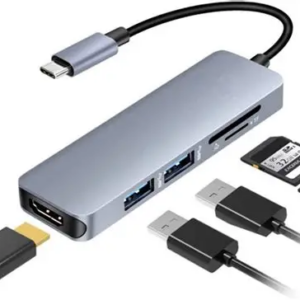 ADAPTADOR USB TIPO C- HDMI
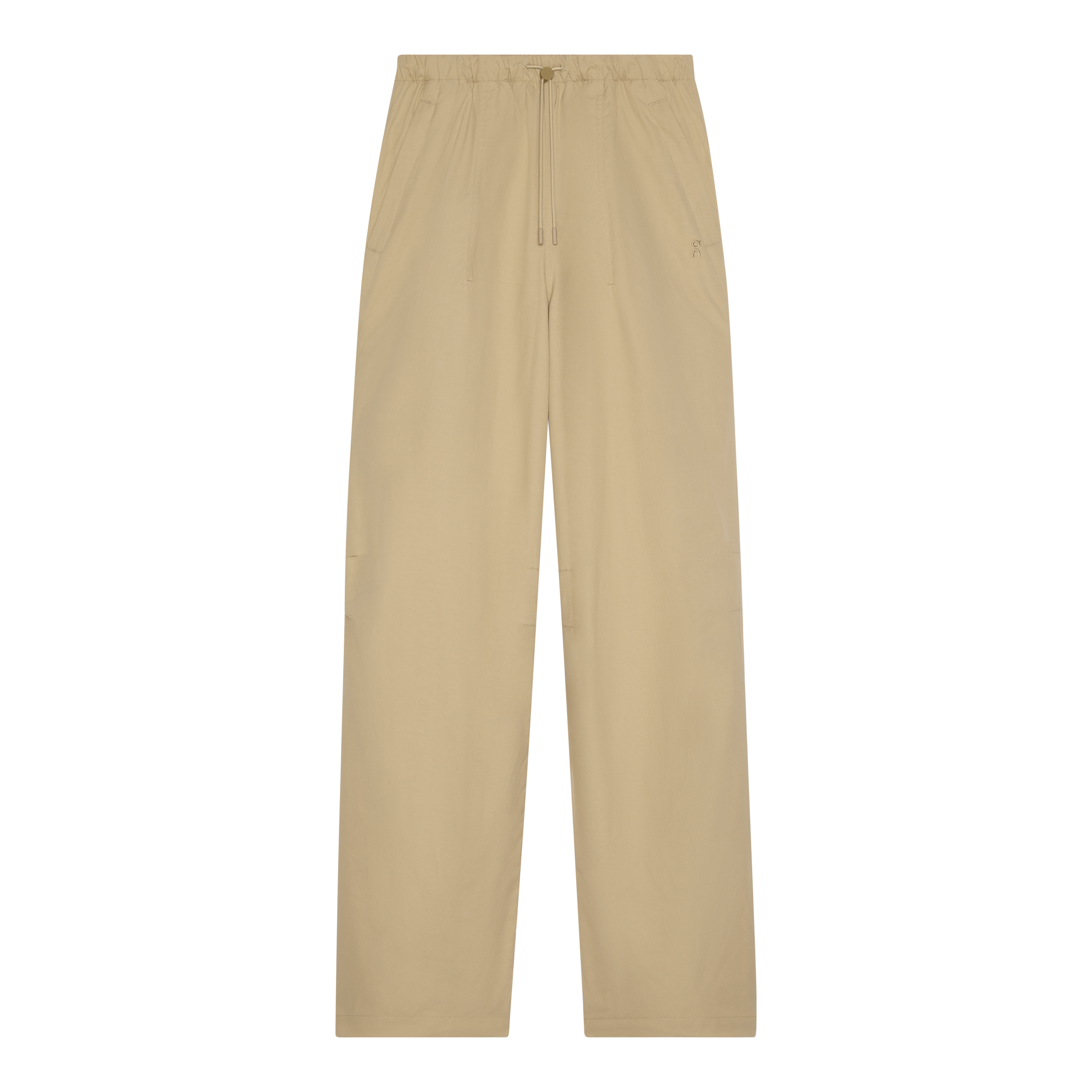 Women's Parachute Pants Kasha
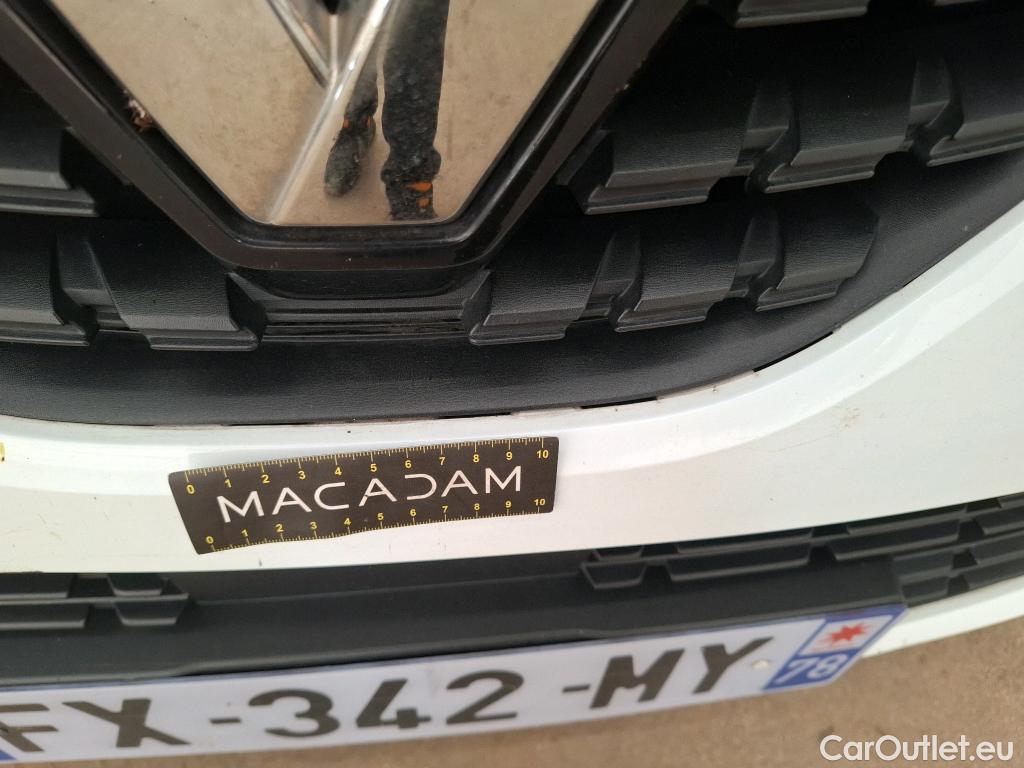  Renault  Clio  V Société Air Nav 1.0 SCe 65CV BVM5 E6d #35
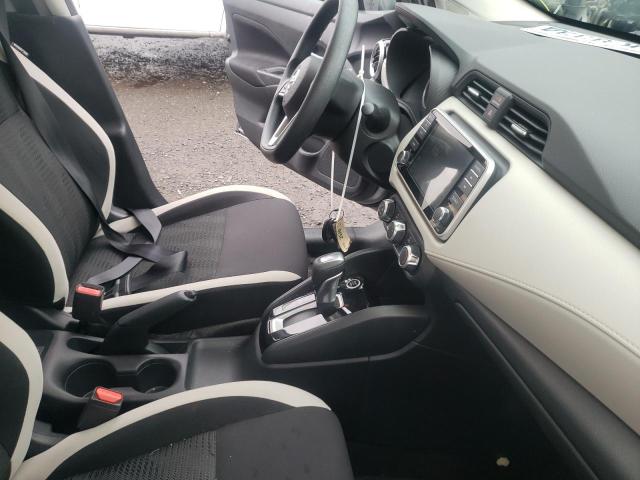 Photo 5 from auction – 2021 NISSAN VERSA SV with VIN 3N1CN8EV9ML874912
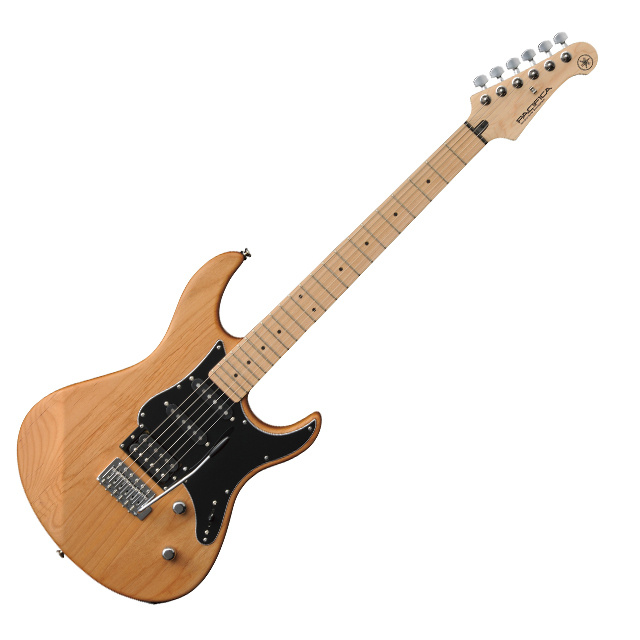 Yamaha Yamaha Pacifica 112VMX YNS RL - Yellow Natural Satin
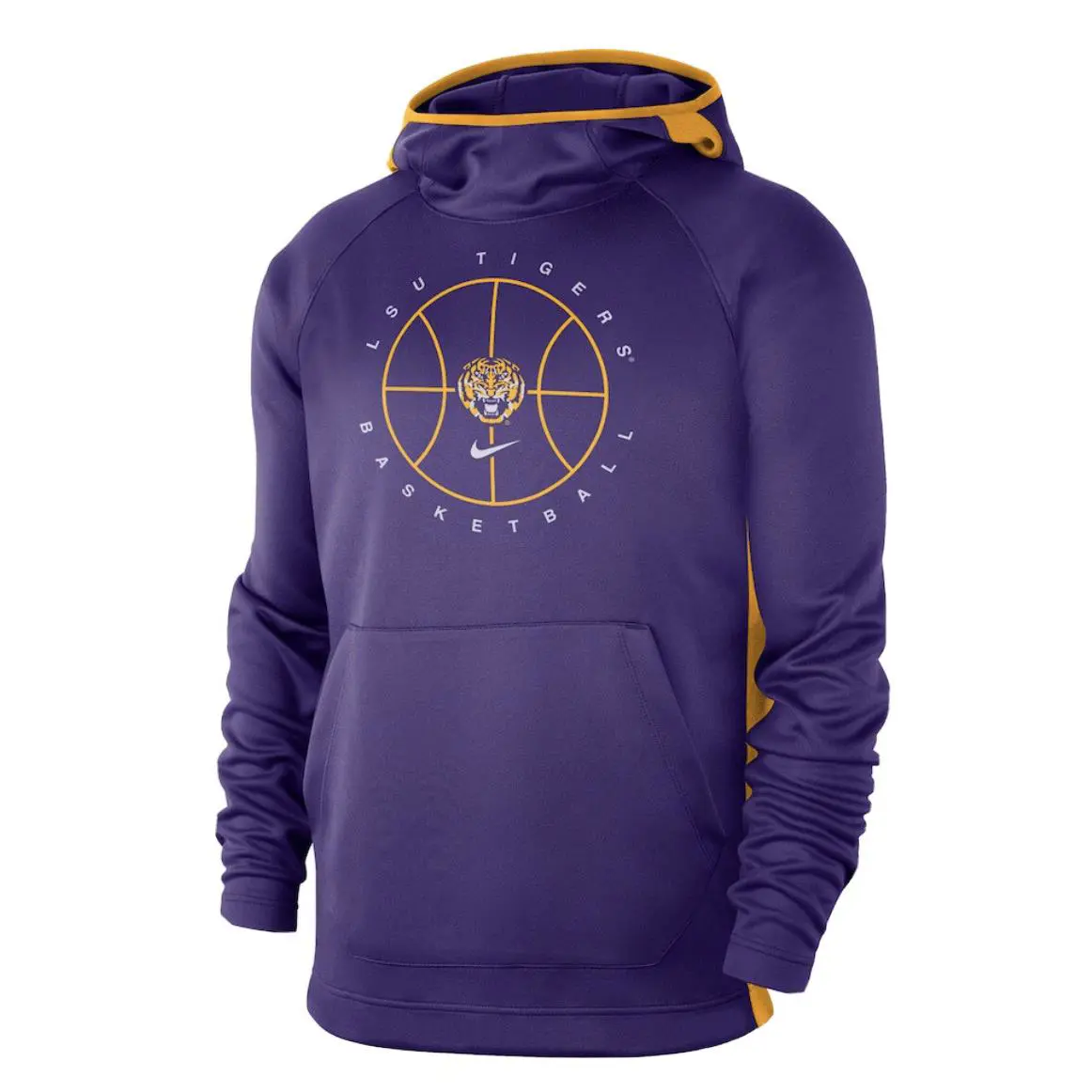 Nike clothing - Elite - Elite - Purple Gold (UPC: 0194496625561) 6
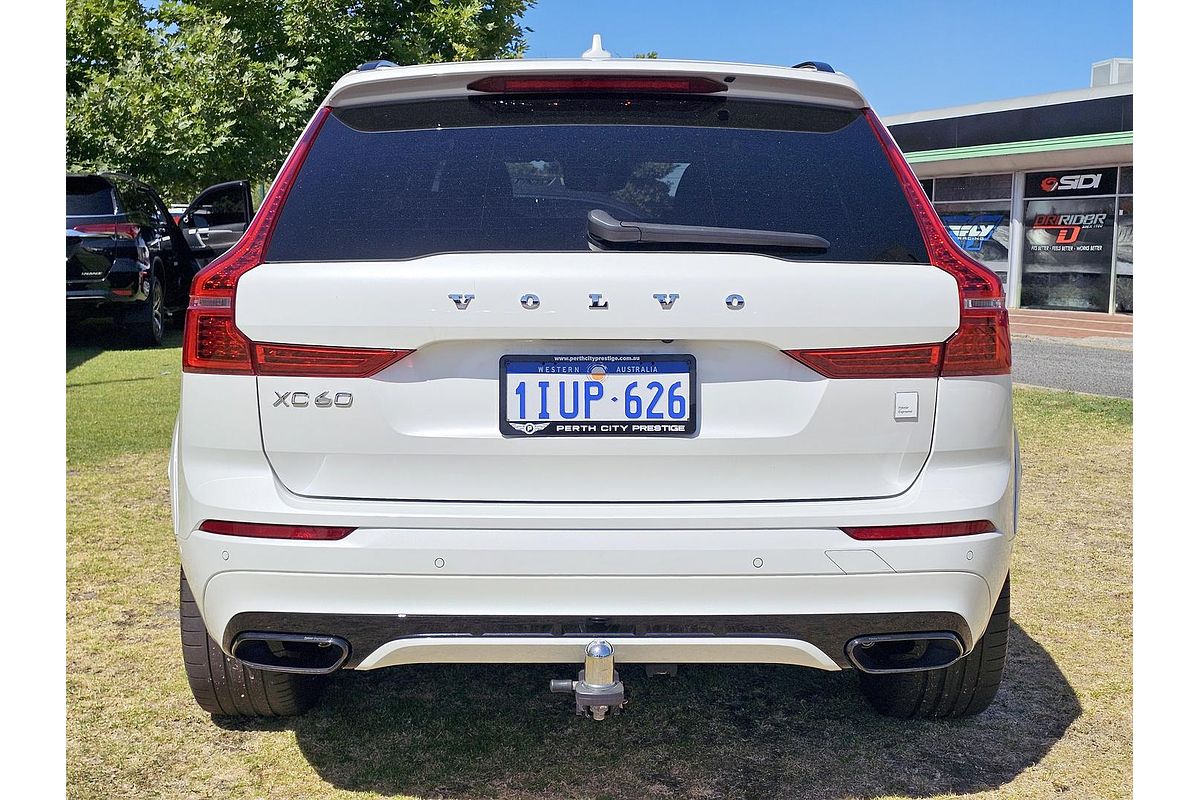 2021 Volvo XC60 T8 Polestar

-*-*-

What to work on: Skip all pictures. Write out only the lines from the one containing "Women's Parachute Pants Kasha" to the end of the listing above, inclusive, exactly as given.

Response to the exercise:
 Women's Parachute Pants Kasha
  Renault  Clio  V Société Air Nav 1.0 SCe 65CV BVM5 E6d #35
 Photo 5 from auction – 2021 NISSAN VERSA SV with VIN 3N1CN8EV9ML874912
 Yamaha Yamaha Pacifica 112VMX YNS RL - Yellow Natural Satin
 Nike clothing - Elite - Elite - Purple Gold (UPC: 0194496625561) 6
 2021 Volvo XC60 T8 Polestar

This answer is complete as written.